Sql-server – Perform regex search queries of a text column in table of 100+ million using regex

sql server

I apologize if this is a newbie question but I'm feeling overwhelmed.

I have 100+ million 2-grams(string with two words), 100+ million trigrams, 100+ 4-grams.

I was thinking of separating 2-grams into a table for them, 3-grams into another table, etc., since there's quite a lot of data and I'd like to break it up at least a bit, and don't know how else I could partition it. Plus, I'd like to avoid using enterprise features of SQL Server such as actual partitioning.

Apart from the text column, I'd have Id(bigint), AppearanceCount(int) and Hash(this'd be the hashed text column, it doesn't even need to be a computed column as I don't predict many, or any, edits of the text column).

Typical usage scenarios for the 2-gram table(the others as well) would be:

  • Search the table with a regex matching the text column.
  • Delete a row with a specified hash
  • Insert a row

In an average case, I believe searching the table with a regex should return around 5-10 results, but outliers are possible.

So, what could I do to make sure all of this works fast?
Fast being a cycle of the following working in a few seconds for n-grams and not more than a few minutes for 4-grams and 5-grams(the current non-database system for 4-grams takes an hour).

I know about full text search, but I haven't been able to find how to use regexes with it. I would really, really prefer to have work here.
If that is not at all possible, I can of course give more details, but I didn't want to overwhelm everyone with an even bigger wall of text.

I'm sorry if this is too general, but I'm in the planning phase of this and would like to know if SQL Server is viable for this.
I could perhaps use something else, but I'm most familiar and comfortable with SQL Server.


They're all basically syntagms, aka parts of a sentence that might or might not be gramatically wrong/have a misspelling.
The words in those syntagms also have variations because the language I'm working with has cases and genders.
https://en.wikipedia.org/wiki/Grammatical_case#Indo-European_languages
https://en.wikipedia.org/wiki/Grammatical_gender

These words are not in English in case that matters, but I'll put in some English examples so that it's understandable.
This is a stupid example, but if English had cases and wanted to use the word House in various situations, we could have the following situation where we're answering some questions:
What is this? "A house."
Where are you going? "To houise."
What are you buying? "Housua"

Basically, you have a root of a word that can change.
So, if people are misspelling the word house or using it in an improper way, we want to delete entries from our database of correct expressions that match a regular expression that signifies how the word house is used incorrectly.

2-grams and 3-grams aren't different at all, it's literally just that 3-grams have one word more.

Let's imagine that the word "home" has different forms based on the type of situation the sentence it's in describes.
Also let's imagine English has a word called "foohume" that has nothing to do with the word "home".

Examples of a 2-gram where for some reason people spell home as hume:
Went hume
Gone hume
Going hume
Nice humes
To huma
About humas
About foohume

Now, we want to delete all 2-grams which contain an incorrect use of the word home.

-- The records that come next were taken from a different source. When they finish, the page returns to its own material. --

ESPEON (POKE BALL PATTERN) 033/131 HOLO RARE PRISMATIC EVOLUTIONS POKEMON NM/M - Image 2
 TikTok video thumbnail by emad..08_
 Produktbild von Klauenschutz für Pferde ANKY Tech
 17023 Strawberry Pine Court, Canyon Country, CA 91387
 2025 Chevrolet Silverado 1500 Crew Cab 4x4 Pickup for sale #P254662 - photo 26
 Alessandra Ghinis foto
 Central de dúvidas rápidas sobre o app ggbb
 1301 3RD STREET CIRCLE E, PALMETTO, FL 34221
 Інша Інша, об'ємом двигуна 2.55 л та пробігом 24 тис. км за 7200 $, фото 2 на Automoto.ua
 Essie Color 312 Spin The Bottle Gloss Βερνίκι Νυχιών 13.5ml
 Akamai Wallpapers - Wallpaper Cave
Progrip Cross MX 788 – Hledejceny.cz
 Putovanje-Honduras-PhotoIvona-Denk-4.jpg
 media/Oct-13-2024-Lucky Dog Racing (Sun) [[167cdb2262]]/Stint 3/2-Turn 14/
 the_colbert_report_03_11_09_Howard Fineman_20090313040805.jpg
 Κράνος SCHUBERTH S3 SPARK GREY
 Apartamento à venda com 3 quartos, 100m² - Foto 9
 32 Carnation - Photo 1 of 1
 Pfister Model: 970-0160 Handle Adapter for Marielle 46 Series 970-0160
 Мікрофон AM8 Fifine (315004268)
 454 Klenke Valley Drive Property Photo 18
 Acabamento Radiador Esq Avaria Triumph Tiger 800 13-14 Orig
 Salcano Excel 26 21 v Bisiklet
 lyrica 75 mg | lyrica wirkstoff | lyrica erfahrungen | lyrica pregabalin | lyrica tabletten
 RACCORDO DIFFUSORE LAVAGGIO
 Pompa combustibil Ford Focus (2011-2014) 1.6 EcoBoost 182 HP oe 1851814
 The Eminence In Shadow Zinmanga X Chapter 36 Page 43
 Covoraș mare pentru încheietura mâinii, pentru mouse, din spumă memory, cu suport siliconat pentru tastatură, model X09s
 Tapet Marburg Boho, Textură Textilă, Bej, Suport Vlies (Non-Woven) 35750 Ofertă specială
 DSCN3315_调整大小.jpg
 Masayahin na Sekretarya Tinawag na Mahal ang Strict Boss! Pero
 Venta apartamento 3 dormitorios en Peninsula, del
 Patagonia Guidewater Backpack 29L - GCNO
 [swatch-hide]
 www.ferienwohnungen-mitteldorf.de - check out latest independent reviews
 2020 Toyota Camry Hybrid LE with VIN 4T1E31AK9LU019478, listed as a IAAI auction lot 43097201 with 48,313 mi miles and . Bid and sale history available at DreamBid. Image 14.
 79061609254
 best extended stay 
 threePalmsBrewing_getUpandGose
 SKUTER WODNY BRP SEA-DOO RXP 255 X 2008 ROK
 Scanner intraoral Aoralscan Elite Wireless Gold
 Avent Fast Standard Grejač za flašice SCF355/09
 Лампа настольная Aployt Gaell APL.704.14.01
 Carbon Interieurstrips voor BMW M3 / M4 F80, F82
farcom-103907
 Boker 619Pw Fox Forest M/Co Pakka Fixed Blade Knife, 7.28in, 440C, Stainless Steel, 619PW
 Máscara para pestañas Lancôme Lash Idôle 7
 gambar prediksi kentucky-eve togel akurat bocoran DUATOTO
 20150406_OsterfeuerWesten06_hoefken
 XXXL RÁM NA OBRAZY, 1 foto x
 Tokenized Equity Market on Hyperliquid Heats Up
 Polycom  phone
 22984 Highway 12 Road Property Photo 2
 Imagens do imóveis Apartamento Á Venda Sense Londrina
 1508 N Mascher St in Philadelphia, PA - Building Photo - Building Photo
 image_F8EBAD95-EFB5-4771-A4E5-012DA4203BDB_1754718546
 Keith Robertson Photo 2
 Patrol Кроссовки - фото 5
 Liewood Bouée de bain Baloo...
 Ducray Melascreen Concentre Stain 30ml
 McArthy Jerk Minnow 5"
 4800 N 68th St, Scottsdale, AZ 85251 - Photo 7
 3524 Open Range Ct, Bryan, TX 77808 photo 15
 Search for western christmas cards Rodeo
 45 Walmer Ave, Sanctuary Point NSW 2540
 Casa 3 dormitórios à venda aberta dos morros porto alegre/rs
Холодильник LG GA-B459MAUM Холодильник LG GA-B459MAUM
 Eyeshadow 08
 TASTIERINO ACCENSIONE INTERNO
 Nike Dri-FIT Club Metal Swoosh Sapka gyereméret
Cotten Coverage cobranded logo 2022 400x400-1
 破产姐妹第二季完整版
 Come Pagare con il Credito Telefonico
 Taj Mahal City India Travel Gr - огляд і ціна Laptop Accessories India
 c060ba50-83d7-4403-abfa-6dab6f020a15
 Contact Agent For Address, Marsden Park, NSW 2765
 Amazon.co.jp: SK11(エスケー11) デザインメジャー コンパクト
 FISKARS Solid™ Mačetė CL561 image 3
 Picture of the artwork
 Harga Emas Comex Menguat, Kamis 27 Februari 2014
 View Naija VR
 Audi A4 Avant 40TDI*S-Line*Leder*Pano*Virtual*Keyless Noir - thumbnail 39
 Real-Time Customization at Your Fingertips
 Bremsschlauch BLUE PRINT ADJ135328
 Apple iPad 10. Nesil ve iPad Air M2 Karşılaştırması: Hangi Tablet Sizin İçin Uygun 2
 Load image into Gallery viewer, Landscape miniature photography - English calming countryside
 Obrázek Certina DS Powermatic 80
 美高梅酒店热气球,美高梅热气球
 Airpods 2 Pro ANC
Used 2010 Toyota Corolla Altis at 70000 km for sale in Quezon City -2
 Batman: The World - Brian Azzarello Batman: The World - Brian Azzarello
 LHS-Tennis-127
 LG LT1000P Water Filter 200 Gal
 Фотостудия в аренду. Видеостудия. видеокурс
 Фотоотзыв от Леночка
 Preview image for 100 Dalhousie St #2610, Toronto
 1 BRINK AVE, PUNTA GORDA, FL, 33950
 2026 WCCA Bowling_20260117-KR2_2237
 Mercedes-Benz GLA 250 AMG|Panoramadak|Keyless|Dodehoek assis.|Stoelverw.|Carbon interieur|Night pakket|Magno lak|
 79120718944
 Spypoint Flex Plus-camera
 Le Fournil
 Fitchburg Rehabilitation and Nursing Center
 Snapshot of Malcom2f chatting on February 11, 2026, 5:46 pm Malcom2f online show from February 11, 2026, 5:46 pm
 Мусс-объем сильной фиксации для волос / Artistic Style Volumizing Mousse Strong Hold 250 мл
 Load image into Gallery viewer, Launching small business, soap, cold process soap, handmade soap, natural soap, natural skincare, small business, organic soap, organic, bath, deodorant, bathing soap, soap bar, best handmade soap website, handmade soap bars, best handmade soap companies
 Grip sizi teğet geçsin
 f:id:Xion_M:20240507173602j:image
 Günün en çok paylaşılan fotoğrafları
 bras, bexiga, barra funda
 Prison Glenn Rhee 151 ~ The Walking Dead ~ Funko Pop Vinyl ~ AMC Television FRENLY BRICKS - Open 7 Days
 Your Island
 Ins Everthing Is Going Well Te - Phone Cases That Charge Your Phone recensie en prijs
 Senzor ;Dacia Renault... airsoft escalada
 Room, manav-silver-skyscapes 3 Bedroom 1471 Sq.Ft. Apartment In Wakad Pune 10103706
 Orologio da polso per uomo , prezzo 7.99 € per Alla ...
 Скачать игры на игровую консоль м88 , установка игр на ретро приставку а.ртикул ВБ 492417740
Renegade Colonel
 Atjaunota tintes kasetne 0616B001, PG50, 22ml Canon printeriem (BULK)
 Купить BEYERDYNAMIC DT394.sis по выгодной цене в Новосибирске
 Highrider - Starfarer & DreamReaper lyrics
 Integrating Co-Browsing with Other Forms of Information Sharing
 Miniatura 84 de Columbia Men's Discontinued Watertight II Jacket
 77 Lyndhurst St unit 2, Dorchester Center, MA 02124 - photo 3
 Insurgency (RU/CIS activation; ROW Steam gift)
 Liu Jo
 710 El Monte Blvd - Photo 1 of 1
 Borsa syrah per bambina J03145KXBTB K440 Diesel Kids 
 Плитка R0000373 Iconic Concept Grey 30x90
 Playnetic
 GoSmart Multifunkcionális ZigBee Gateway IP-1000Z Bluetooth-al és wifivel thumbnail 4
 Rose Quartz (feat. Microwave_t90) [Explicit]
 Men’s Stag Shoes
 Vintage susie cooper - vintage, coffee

So basically all of these except the last one.
So, someone somewhere would tell the database to delete every 2-gram that matches the following conditions that would be described with a regex:
– Is at the beginning of a 2-gram or has a space in front of it
– Contains the root "hum" followed by a suffix of "e, es, a, as"
So basically it'd be something like "[$ ]hum[e, es, a, as]". I know it's not really a valid regex but you get the idea.

What my fear is is that full text search can't be used properly with this, and that we'll have a situation where we have to sequentially scan
the entire table of 2-grams, see if there's a regex match, and return that row's Id(or the entire row, but Id only might be faster).
If it was more straightforward than a regex, I suppose a full text search would return the results of this fairly quickly,
since as I said there should be about 10 of them on average.

Best Answer

I recently did an SSIS package that went though a table with over 4 billion records, the first step in the package was a query that extracted about 50 million records. The query just took a few seconds. Granted, my query was able to use an index, but it did have multiple conditions, and had to skip through the index to get at a subset of all the records and then test them with another couple conditions. And the return set was in the same order of magnitude as one of your entire tables. So I don't think you will have to do much to make this happen.

Sounds like you may not know how to use the LIKE operator. You can find details for that here. That will let you use some regular expressions to match against your text.

I'd recommend that you load the 2-grams into a table and give it a try. My guess is that a simple query with a LIKE condition will do the job for you.